[ASSIGNMENT]
Search the records below for "walking"; copy each line that has it.

[PROVIDED INFORMATION]
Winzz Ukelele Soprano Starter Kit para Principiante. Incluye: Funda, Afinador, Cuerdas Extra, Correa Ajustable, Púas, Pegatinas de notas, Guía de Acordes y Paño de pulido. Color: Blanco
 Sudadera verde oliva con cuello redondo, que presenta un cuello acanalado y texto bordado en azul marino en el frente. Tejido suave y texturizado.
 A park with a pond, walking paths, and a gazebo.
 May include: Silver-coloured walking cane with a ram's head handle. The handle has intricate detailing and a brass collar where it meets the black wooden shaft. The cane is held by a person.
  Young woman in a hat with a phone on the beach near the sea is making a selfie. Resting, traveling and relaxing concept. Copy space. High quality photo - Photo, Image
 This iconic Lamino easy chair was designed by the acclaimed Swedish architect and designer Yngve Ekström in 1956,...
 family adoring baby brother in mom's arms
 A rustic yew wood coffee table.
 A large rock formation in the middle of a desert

[SOLVED EXERCISE]
 A park with a pond, walking paths, and a gazebo.
 May include: Silver-coloured walking cane with a ram's head handle. The handle has intricate detailing and a brass collar where it meets the black wooden shaft. The cane is held by a person.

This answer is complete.